本発明は、木材の非破壊的な密度の測定方法に関し、より詳しくは、レーザ誘起プラズマ発光分析を木材の密度測定に活用し、木材の含水率に拘わらずその木材の気乾密度(含水率15%時の密度をいう。以下単に「木材密度」という。)を非破壊的に測定する方法に関する。
樹木の切断面に現れる年輪は、木材の密度の差が視覚的に濃淡として現れているものであり、この密度分布を調べることにより、樹木の成長量や過去の生育環境等が明らかになる。一方、木材の密度の値が、木材の強度、音の伝播、周波数、熱伝導等のあらゆる物性値と深く関係を持っているので、密度の値はこれらの諸処の特性を把握する上で極めて重要である。
そして、密度は単位体積(cm3)当たりの質量(g)であるから、一般に木材の密度の測定は、試料の形状が正しい直方体と見なせる場合は、寸法測定によって体積を求める。また全乾(含水率0%)測定対象物等、収縮により変形したものは、浮力を応用した水銀浸漬法によって体積を求め、試料の質量をその求めた体積で割ればよい。
また、γ線やX線などの放射線の透過率を用いて、非破壊的に密度を測定する手法も用いられており、下記特許文献1にはマイクロフォーカスX線CT装置を用いた木材の密度測定の一例が示されている。
特開2006−78251号公報
しかしながら、木材の密度測定の試験方法であるJIS Z2101によると、密度の測定は試料の含水率を15%で行うことが規定されているため、粗木取りの後、恒温恒湿室に1ヶ月から3ヵ月間投入する必要があるため、木材の密度測定には長期間を要するという問題があった。
また、γ線やX線などの放射線の透過率を用いて非破壊的に密度を測定するには、これらの放射線は常に水の影響を受けるために多量の水を含んだ木材の密度は測定不可能であり、所定の含水率になるように乾燥させる必要があり、短時間で密度を測定することができないという問題がある。
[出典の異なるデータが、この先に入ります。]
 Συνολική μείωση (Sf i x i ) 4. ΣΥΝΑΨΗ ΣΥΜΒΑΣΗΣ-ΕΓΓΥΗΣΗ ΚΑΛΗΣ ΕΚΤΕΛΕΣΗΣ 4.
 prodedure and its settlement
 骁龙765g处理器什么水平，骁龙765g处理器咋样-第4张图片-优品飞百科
さらにこれらの従来の密度の測定方法では、測定対象物から試料を採取する必要があるため、測定対象物を破壊しなければ測定できないという問題がある。
本発明は、木材の密度が木材の物理的性質を求める上で、極めて重要な値であるにも拘わらず、含水率調整に長時間を要し、測定対象物を破壊しなければならないという問題点に鑑みて、鋭意研究・検討の結果なされたものであり、簡単にして、精度の高い木材の密度を非破壊的に測定する方法を提供することを目的とするものである。
上記目的を達成するための第1の発明は、レーザ誘起プラズマ発光分析によって木材の表面から得られる炭素の蛍光強度と、質量と体積の比として求められる木材の気乾密度との検量線を作成し、該検量線を使用して、木材の含水率に無関係に、かつ非破壊的に測定する木材密度の測定方法である。
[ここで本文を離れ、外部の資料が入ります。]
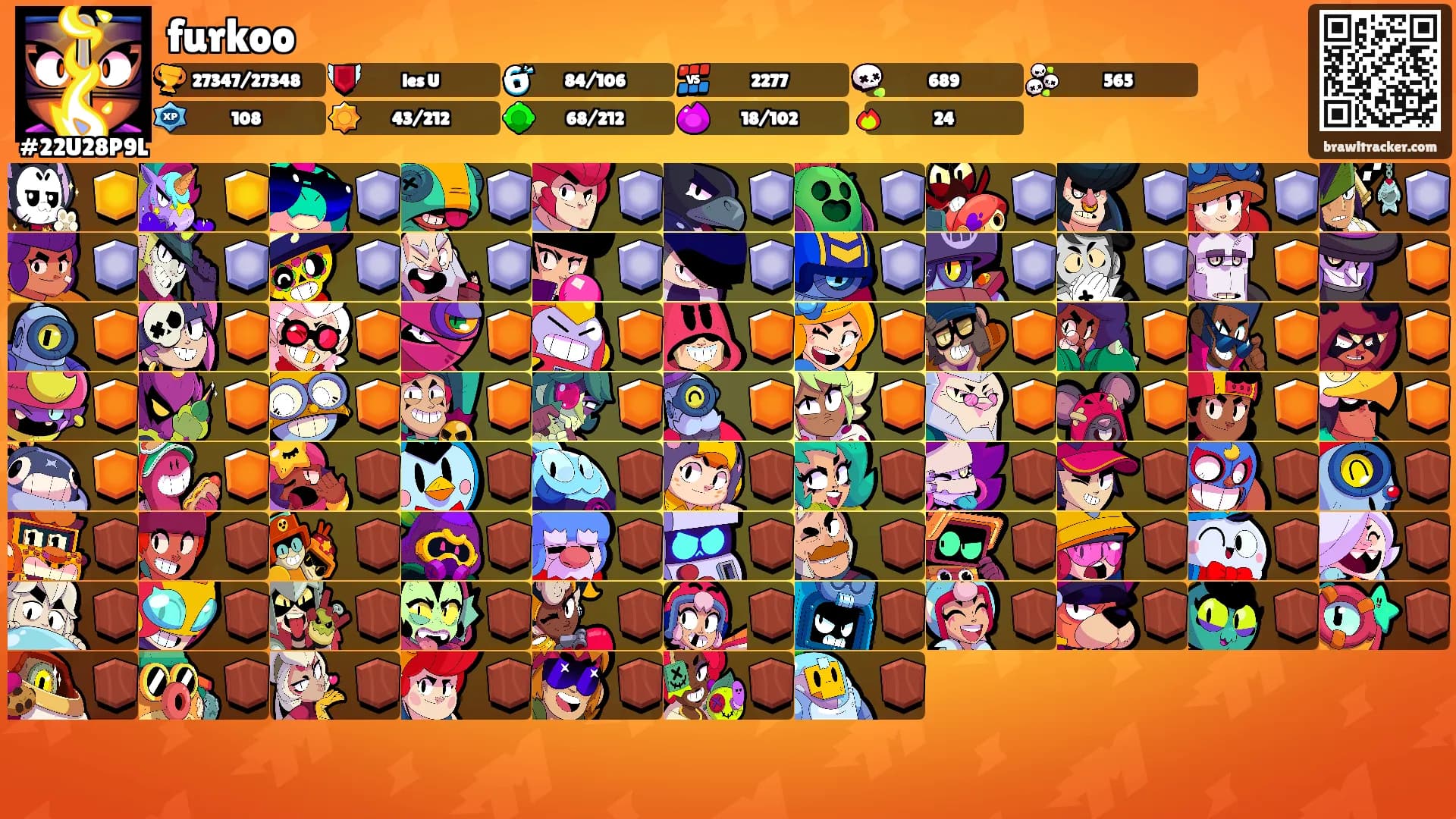 furkoo's Ranks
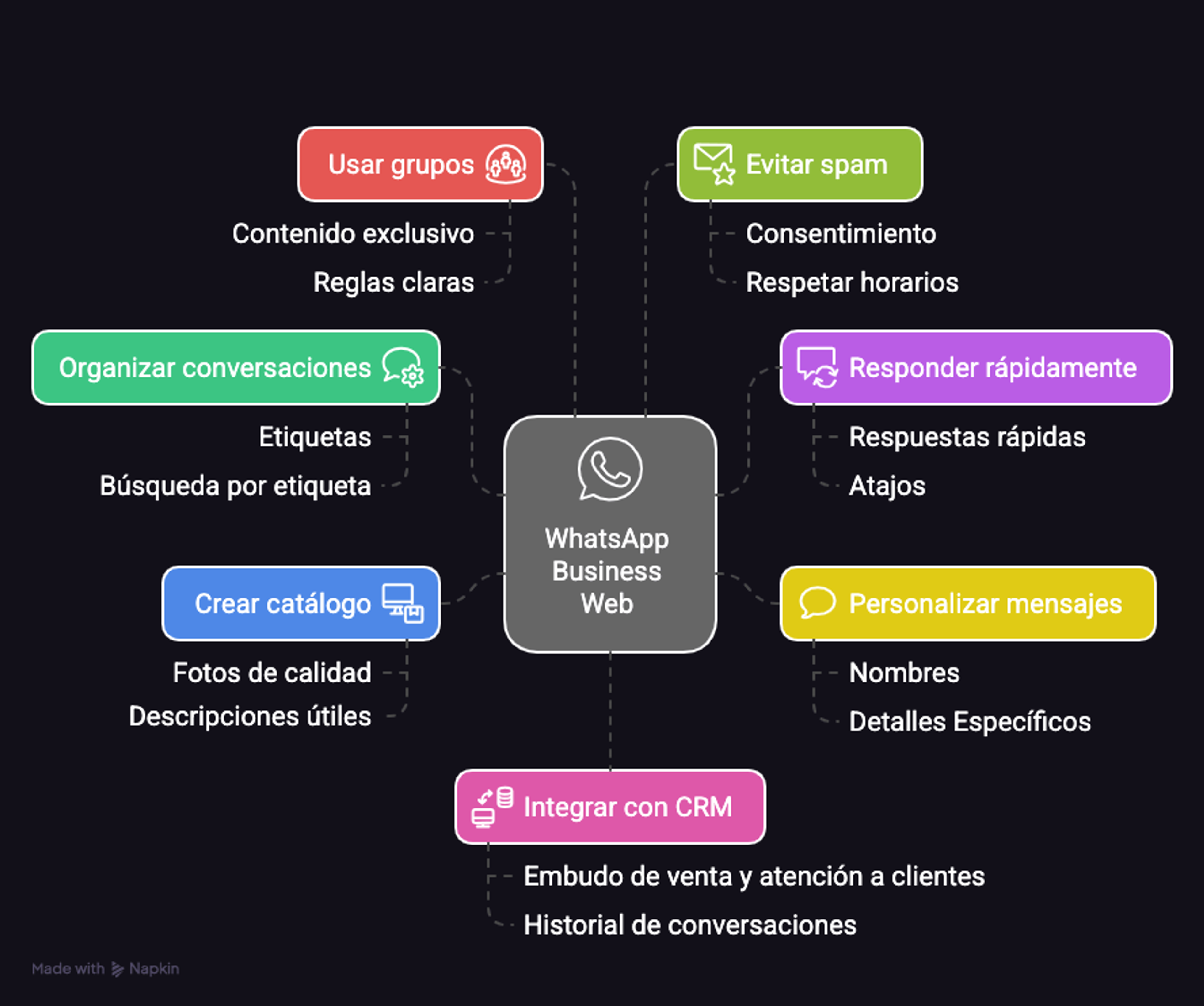 Diagrama que muestra 7 trucos para usar WhatsApp Business web: usar grupos, organizar conversaciones, crear catálogo, integrar un CRM, personalizar mensajes, responder rápidamente y evitar SPAM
検量線を作成するときの測定対象物の含水率はJISZ2101で規定されている15%とするが、作成された検量線を使用するときの測定対象物の含水率は、15%に限定されることなく任意でよく、得られる木材の密度は常に含水率15%時の値が得られる。
第2の発明は、第1の発明において前記検量線の作成時の測定対象物は、樹木の平滑な切断面において、年輪の中心と樹木の一外側または両外側を中央かつ一直線上に含む薄厚、小幅の角板(以下、単に「角板」ともいう。)とし、前記検量線の作成時おける前記木材の表面から得られる炭素の蛍光強度が、前記中央かつ一直線上を一外側から年輪中心まで、または年輪中心を通り更に他の外側までの複数点の測定値の平均値であることを特徴とする木材密度の測定方法である。
測定対象物は、上記角板のみならず、伐採した樹木を軸直角にスライスし、さらに木軸の方向に年輪を中心に平行切断して年輪中心部を含む薄厚、小幅の角板相当品としてもよい。
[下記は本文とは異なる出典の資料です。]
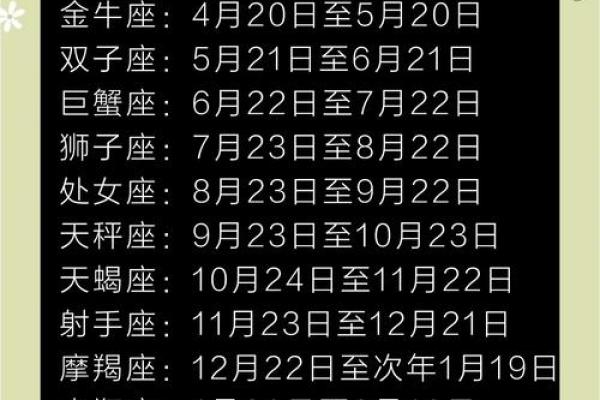 农历十月初八出生的人,星座特点解读 农历十月初八出生的人,星座特点解读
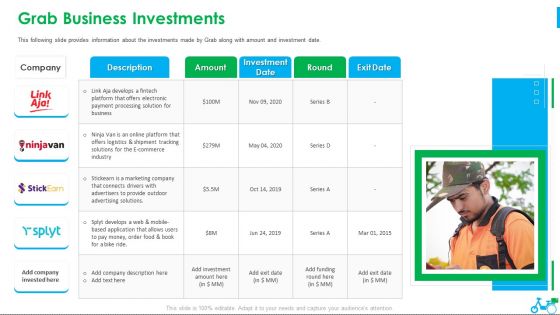 Grab Investor Financing Elevator Grab Business Investments Ppt Styles Inspiration PDF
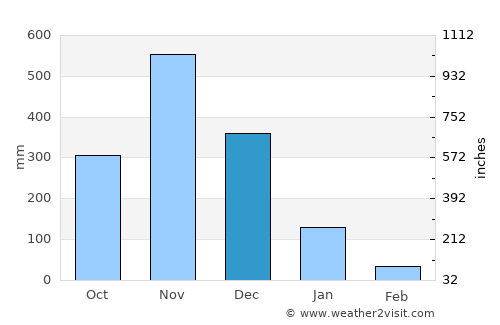 Hua Sai average rain in December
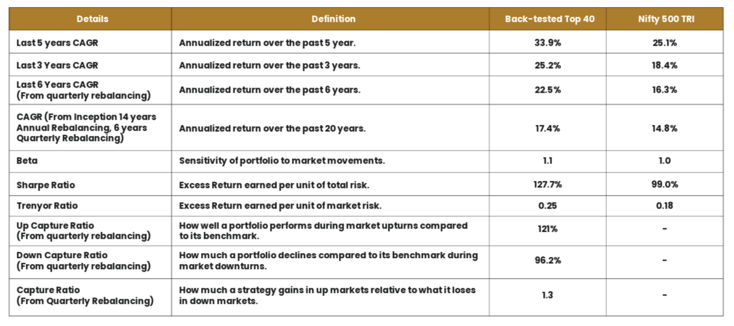 See the table below that show the summary of the back tested results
第3の発明は、第1または第2の発明において、前記検量線の使用時おける前記木材の表面から得られる炭素の蛍光強度の測定方向が、樹木の平滑な切断面において、年輪に直交する方向であり、かつ木材の単位面積当たりの測定点数が均等または均等になるように重み付けがなされていることを特徴とする木材密度の測定方法である。
検量線使用時の測定対象物の炭素の蛍光強度の測定は、年輪の中心を含まないものであっても、測定方向が年輪に直交していればよい。
第4の発明は、第1乃至第3のいずれか1の発明において、前記木材密度の測定対象が含水率不明の木材であって、該含水率不明の木材の密度から前記測定した木材密度を差引き、前記含水率不明の木材の単位体積当たり15%以上或いは15%未満の含水量を算出して、該含水率不明の木材の乾燥コントロールに使用することを特徴とする木材密度の測定方法である。
第5の発明は、第1乃至第3いずれか1の発明において、前記木材の密度の測定対象が含水率不明の木材であって、該含水率不明の木材の密度から前記測定した木材密度を差引き、前記含水率不明の木材の単位体積当たり15%以上或いは15%未満の含水量を算出して、該含水率不明の木材の用途選別に使用することを特徴とする木材密度の測定方法である。
第1の発明は、レーザ誘起プラズマ発光分析によって木材の表面から得られる炭素の蛍光強度と、質量と体積の比として求められる木材の気乾密度との検量線を作成し、該検量線を使用して、木材の含水率に無関係に、かつ非破壊的に測定することを特徴とする木材密度の測定方法であるから、検量線を作成するときは、含水率が15%の測定対象物を必要とするが、その検量線使用時の測定対象物は、含水率に関係なく炭素の蛍光強度を測定して、その炭素の蛍光強度に対応する木材密度を樹種に関係なくその検量線から読みとることができるので、木材密度を短時間に、非破壊で測定できという効果がある。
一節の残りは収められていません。